Page:Revue des Deux Mondes - 1898 - tome 148.djvu/452

Le texte de cette page a été corrigé et est conforme au fac-similé.

rapprochement des chiffres d’une année à la suivante et, dans la même année, d’une ville à l’autre, que le prix des vins était sujet à des alternatives de hausse et de baisse plus brusques et plus saisissantes autrefois qu’à l’heure actuelle ; cependant, lorsqu’on suit les cours des mêmes vignobles durant un certain temps et lorsqu’on note le taux excessif atteint par des liquides très ordinaires, si la récolte venait à manquer, — Moulins, en 1710, paya le vin 100 francs l’hectolitre, et Mézières 155 francs, lorsque sa valeur moyenne était de 24 francs, — on peut se convaincre de l’état précaire où le défaut de circulation et l’absence de réserves suffisantes plaçaient à la fois les consommateurs et les producteurs.

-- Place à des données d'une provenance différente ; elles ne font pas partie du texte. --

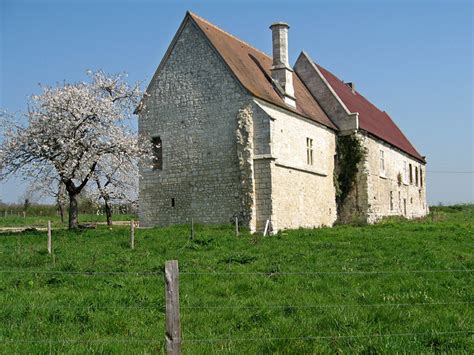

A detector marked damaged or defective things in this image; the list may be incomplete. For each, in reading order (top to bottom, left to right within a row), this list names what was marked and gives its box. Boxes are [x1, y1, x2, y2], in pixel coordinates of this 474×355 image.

rusty metal roof [189, 13, 336, 132]
rusty metal roof [316, 65, 424, 163]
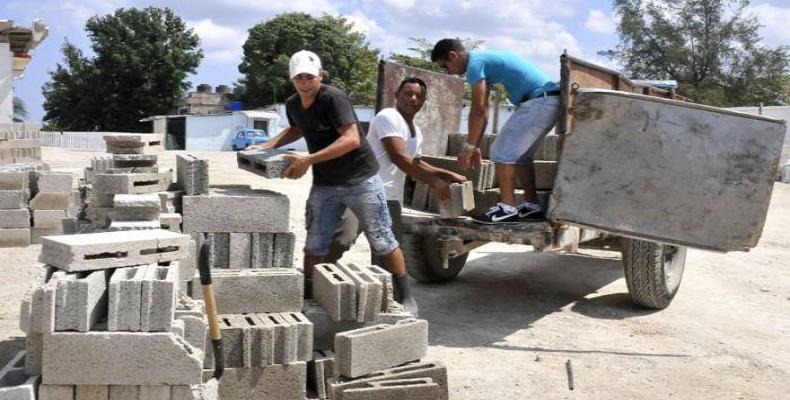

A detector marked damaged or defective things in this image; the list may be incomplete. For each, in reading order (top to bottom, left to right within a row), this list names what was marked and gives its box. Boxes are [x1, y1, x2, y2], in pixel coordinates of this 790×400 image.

rusty metal panel [376, 61, 464, 156]
rusty metal panel [552, 89, 784, 252]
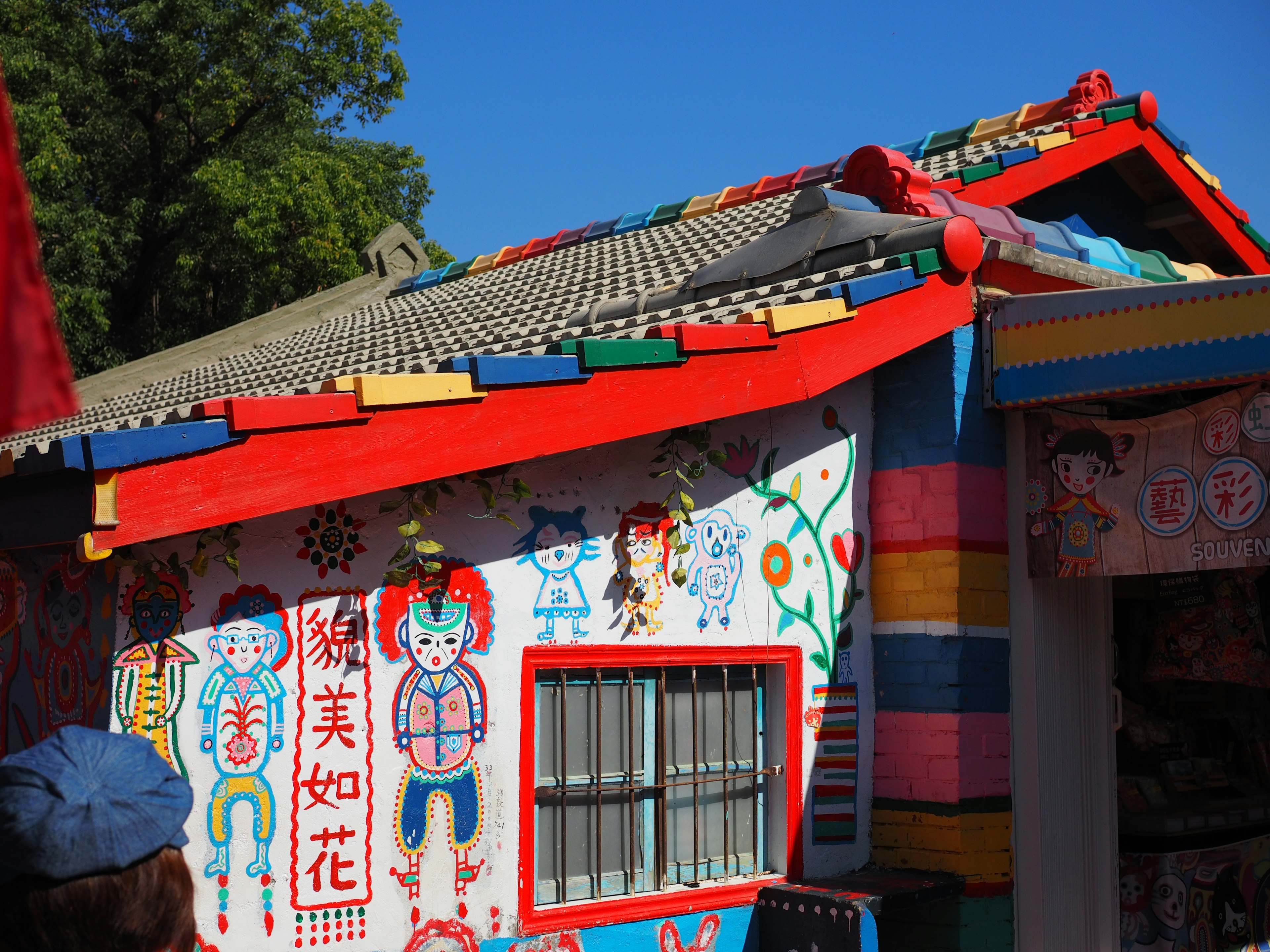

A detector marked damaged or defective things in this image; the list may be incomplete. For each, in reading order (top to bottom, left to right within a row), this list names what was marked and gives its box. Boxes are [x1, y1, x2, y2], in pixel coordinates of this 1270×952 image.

Pour le vin comme pour le blé, la réglementation du commerce par l’Etat et les villes n’obtenait donc ni l’un ni l’autre des résultats qu’elle se proposait : assurer l’écoulement des marchandises aux époques de pléthore ; obvier, aux momens de pénurie, à la hausse démesurée. Le vin, qui peut être évalué à 19 francs l’hectolitre pour l’ensemble du XVIIe siècle, demeura au même prix de 1701 à 1790, mais avec une tendance à la baisse vers la fin de l’ancien régime. Comparé aux salaires, il avait au contraire légèrement enchéri sous Louis XVI. La journée du manœuvre représentait, tantôt 3 lit, 30 de vin, sous Richelieu, tantôt 5 lit, 30 sous Colbert. Elle tomba à 3 litres sous la Régence du Duc d’Orléans pour remonter à 4 lit, 80 sous Fleury et se réduisit ensuite à 4 lit, 10. Le journalier était donc, à cet égard, moins favorisé que de nos jours, où son gain de 2 fr. 50 correspond à 8 lit, 30.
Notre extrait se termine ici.